Retype all the entries word for word, but omit the pictures.
__________________________________________________
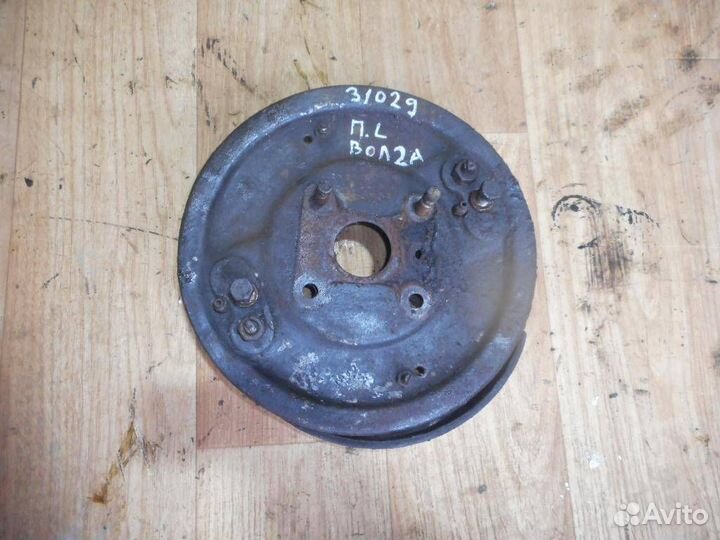 Щит опорный передний левый газ 31029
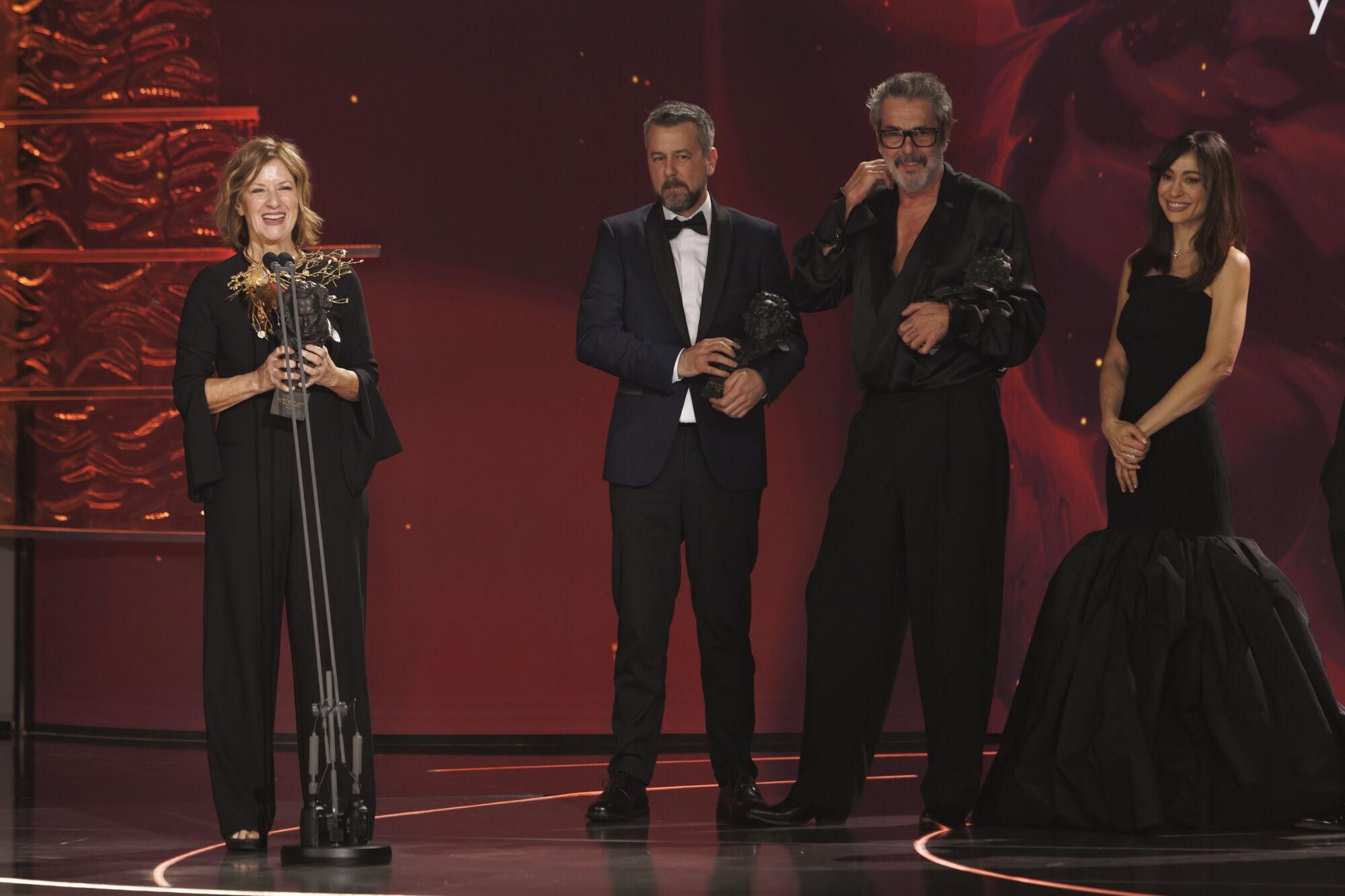 Karmele Soler, Sergio Pérez Berbel y Nacho Díaz, Goya a Mejor Maquillaje y Peluquería por 'Marco', junto a la actriz Natalia Verbeke durante la gala de entrega de la 39º edición de los Premios Goya, en el Palacio de Exposiciones y Congresos de Granada, a 8 de febrero de 2025, en Granada, Andalucía (España). Los galardones son otorgados de manera anual por la Academia de las Artes y las Ciencias Cinematográficas de España (AACCE) con el objetivo de premiar a los mejores profesionales en cada una de las distintas especialidades tanto técnicas como creativas del cine español. 08 FEBRERO 2025 Álex Cámara / Europa Press 08/02/2025. Natalia Verbeke;Álex Cámara;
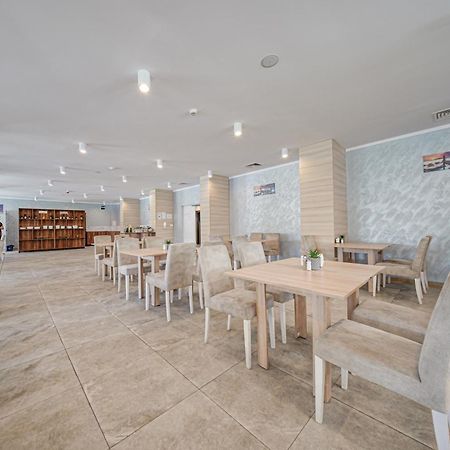 Cinema Hotel بريمورسكو المظهر الخارجي الصورة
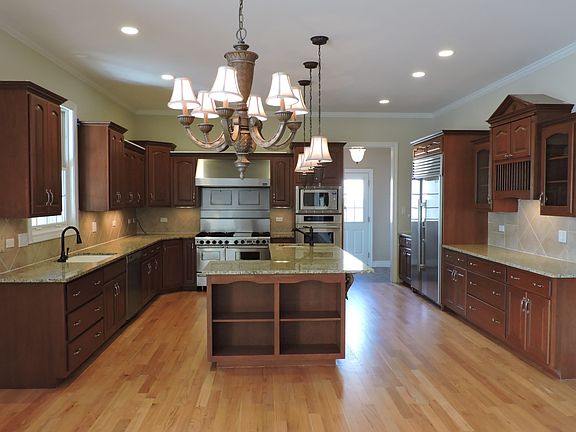5th image of 22548 Aster Dr
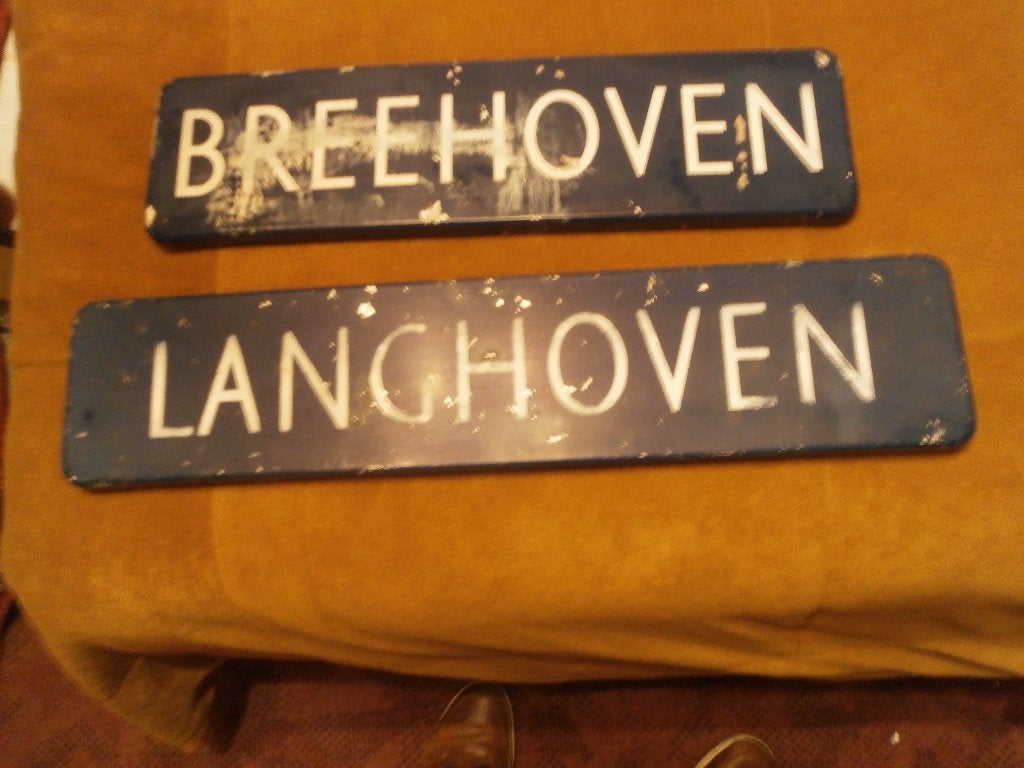 2 Metalen straatnaamborden Bennekom, Langhoven en Breehoven, Ophalen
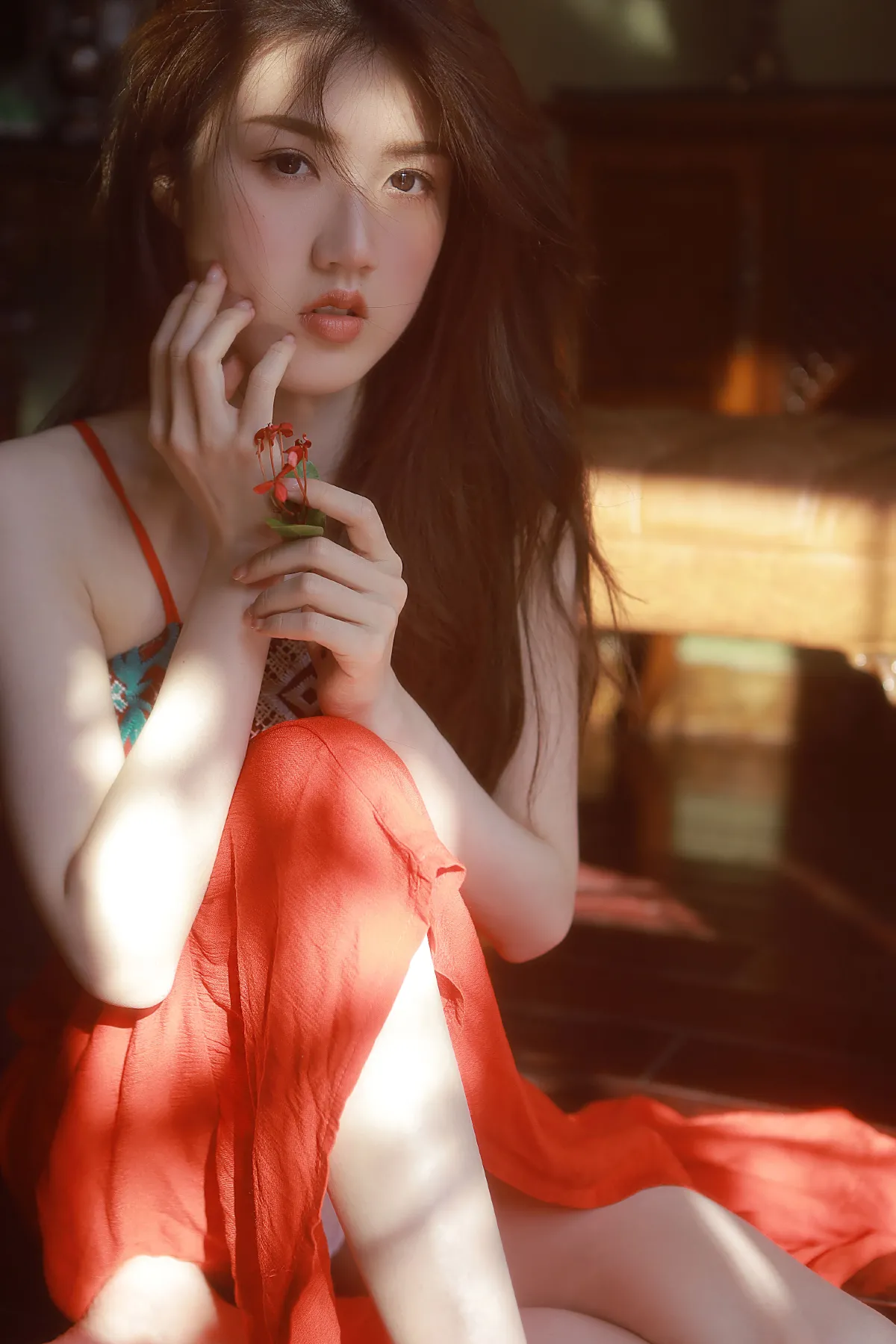 红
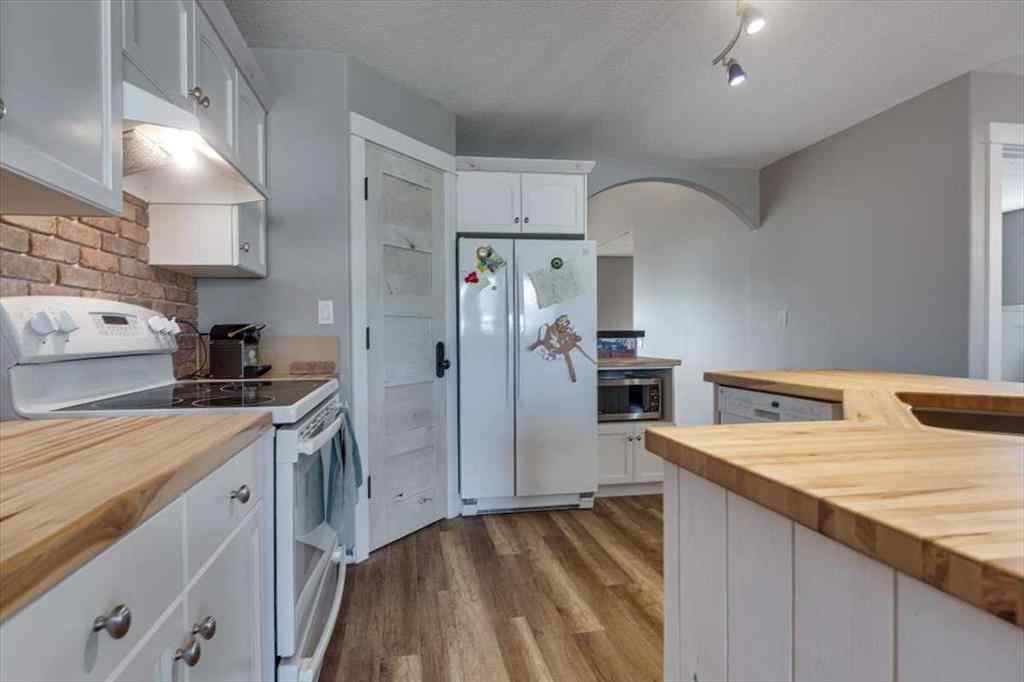 MLS® A2252724 - 20 Kendrew Drive  in Kentwood West Red Deer, Residential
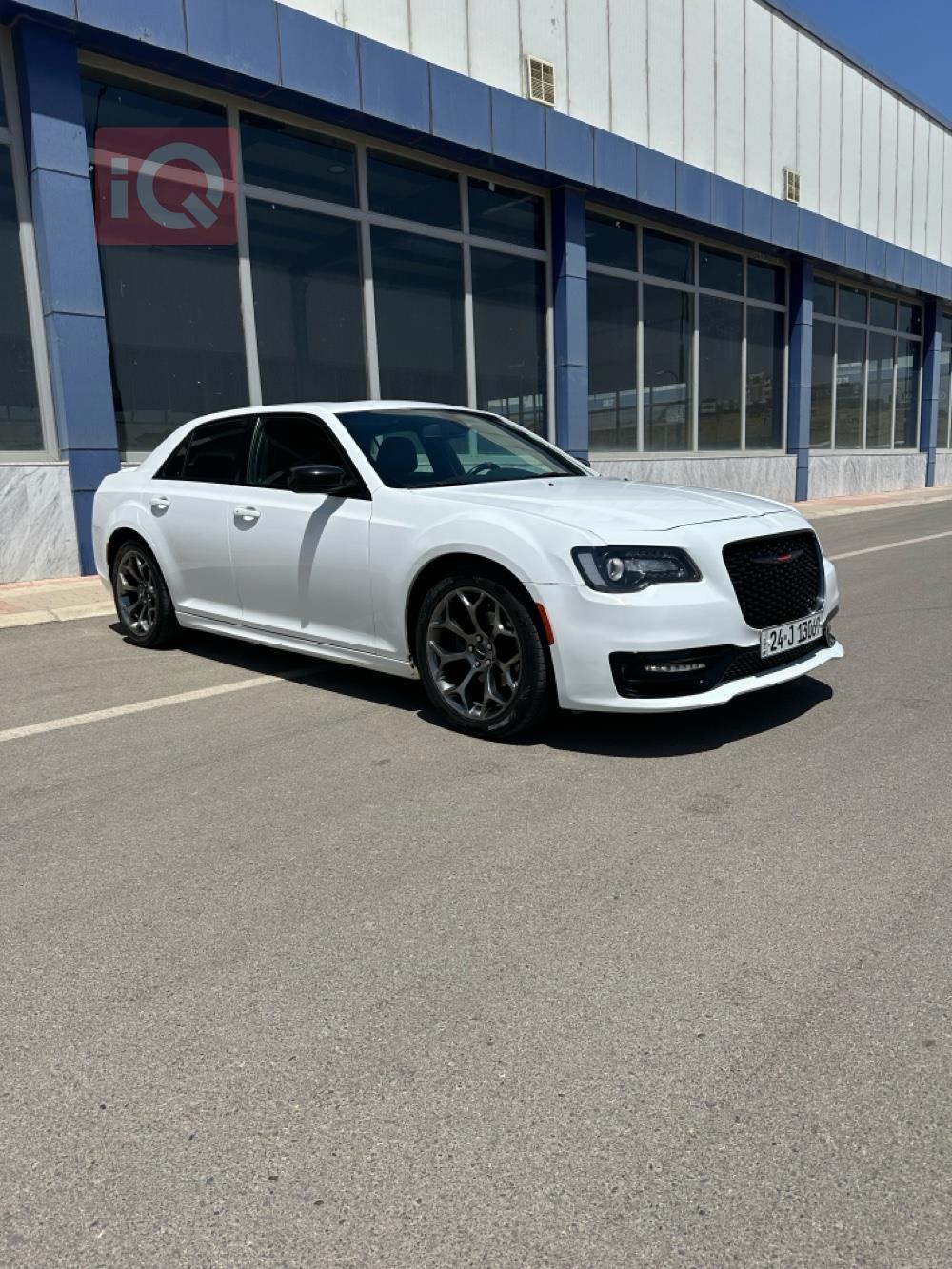 كرايسلر 300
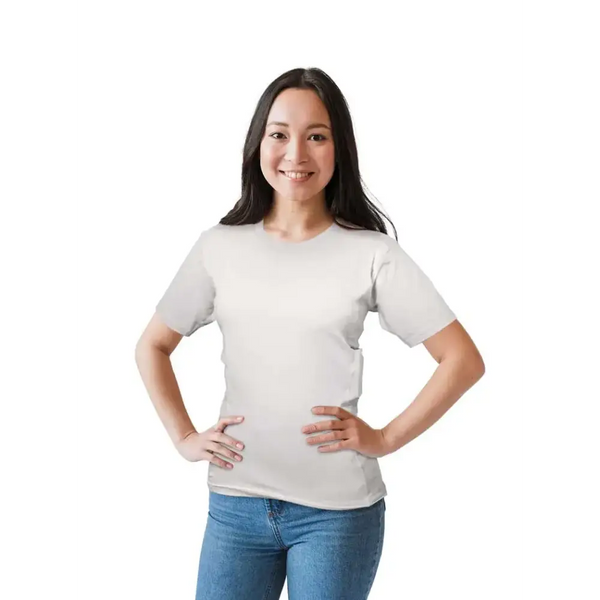 Comfortable white t-shirt for insulin pump with dual pockets, worn by a smiling woman.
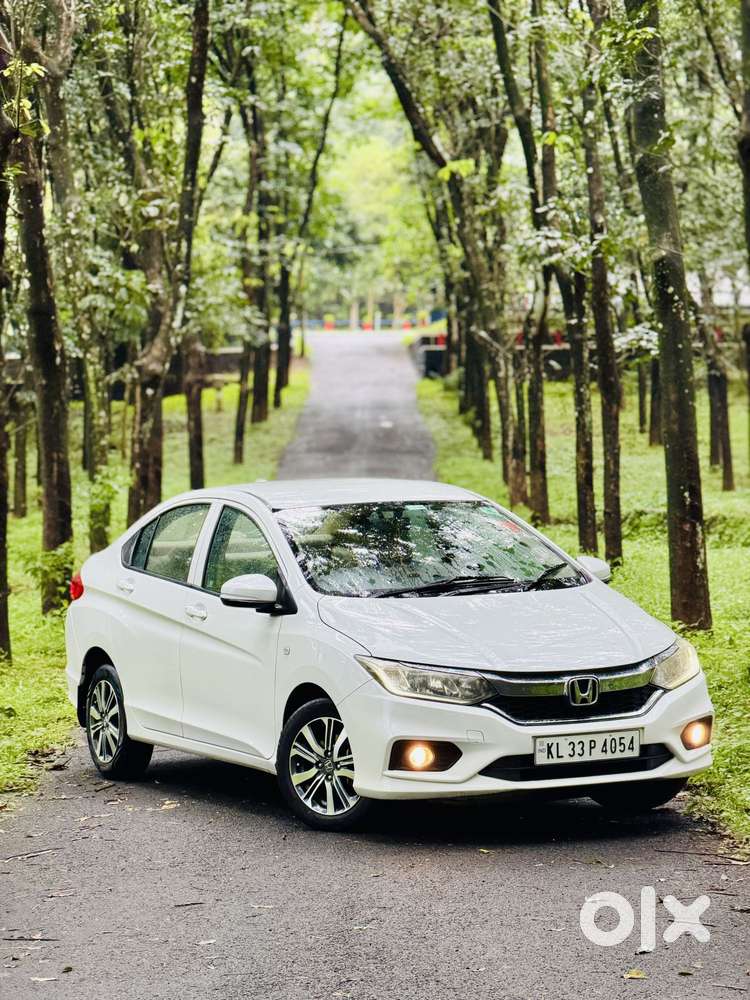 Honda City Zx Vtec Plus, 2022, Petrol
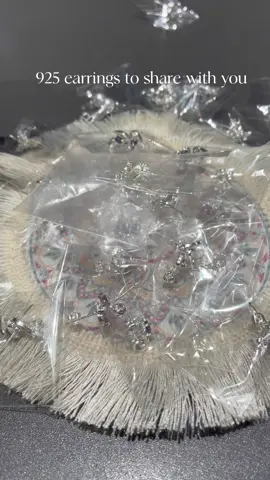 Super cute stud earrings 😍🥳 #diamdayjewelry #diamday #tiktokmademebuyit #blackfriday #dealdrops #earringslovers 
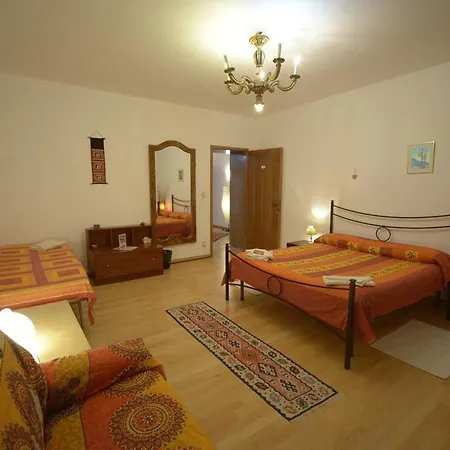 Arabesque Bed and Breakfast 3*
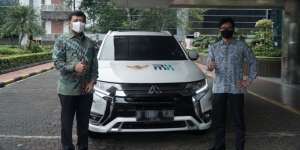 Mitsubishi Hibahkan Outlander PHEV kepada Kementerian BUMN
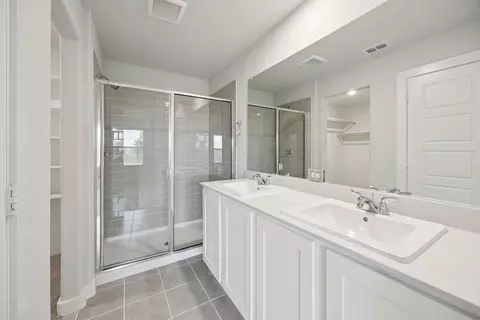 Bath - 768 Pescado Way, Haslet, TX 76052 photo 1 of 2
__________________________________________________
**ANSWER TO THIS EXERCISE:**
 Щит опорный передний левый газ 31029
 Karmele Soler, Sergio Pérez Berbel y Nacho Díaz, Goya a Mejor Maquillaje y Peluquería por 'Marco', junto a la actriz Natalia Verbeke durante la gala de entrega de la 39º edición de los Premios Goya, en el Palacio de Exposiciones y Congresos de Granada, a 8 de febrero de 2025, en Granada, Andalucía (España). Los galardones son otorgados de manera anual por la Academia de las Artes y las Ciencias Cinematográficas de España (AACCE) con el objetivo de premiar a los mejores profesionales en cada una de las distintas especialidades tanto técnicas como creativas del cine español. 08 FEBRERO 2025 Álex Cámara / Europa Press 08/02/2025. Natalia Verbeke;Álex Cámara;
 Cinema Hotel بريمورسكو المظهر الخارجي الصورة
5th image of 22548 Aster Dr
 2 Metalen straatnaamborden Bennekom, Langhoven en Breehoven, Ophalen
 红
 MLS® A2252724 - 20 Kendrew Drive  in Kentwood West Red Deer, Residential
 كرايسلر 300
 Comfortable white t-shirt for insulin pump with dual pockets, worn by a smiling woman.
 Honda City Zx Vtec Plus, 2022, Petrol
 Super cute stud earrings 😍🥳 #diamdayjewelry #diamday #tiktokmademebuyit #blackfriday #dealdrops #earringslovers 
 Arabesque Bed and Breakfast 3*
 Mitsubishi Hibahkan Outlander PHEV kepada Kementerian BUMN
 Bath - 768 Pescado Way, Haslet, TX 76052 photo 1 of 2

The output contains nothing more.